Spoils of War: General Patton, Looter
Created | Updated Aug 23, 2015
A shocking tale of military malfeasance.
General Patton, Looter
Back in 1945-1946, the Allies put the war criminals responsible for the Holocaust on trial in Nuremberg. To do this, they needed documentation: who gave what orders, when, where. Mostly, they had the goods on these people. But one thing really bothered the prosecutors: when it came to presenting the court with the very first anti-Jewish Nazi law, the infamous Nuremberg Laws that redefined race in Germany, they were forced to use print sources. Now, the print sources were official – government issue – but they weren't as dramatic as the signed typescript would have been. Unfortunately, they couldn't find the original.
Why, you ask?
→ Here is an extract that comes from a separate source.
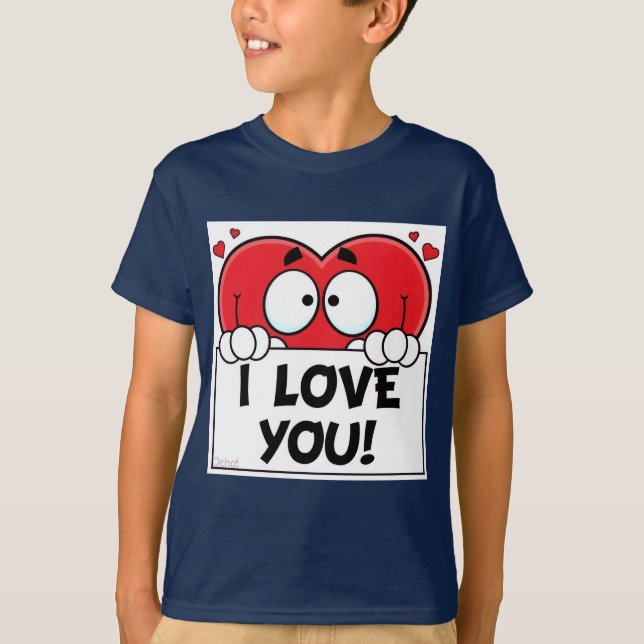 T-shirt Cœur de dessin animé  (Devant)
Because General Patton didn't obey orders.
Yes, Old Blood and Guts himself, strict disciplinarian when it came to other soldiers, ignored his superior's (Dwight D Eisenhower's) instructions to turn all official documents over to authorities rather than hoard them as souvenirs. When the original Nuremberg Laws came into his possession, Patton gifted them to the Huntington Library in California. Patton was killed in an automobile accident in December, 1945. The librarians at Huntington, who knew they weren't supposed to have Patton's loot, didn't want anybody to get into trouble…so they hid the documents in a vault. Until 1999.
The original Nuremberg Laws were turned over to the (US) National Archives in 2010, long after all the miscreants had been passed onto a higher court. It only took the papers 63 years to be turned in.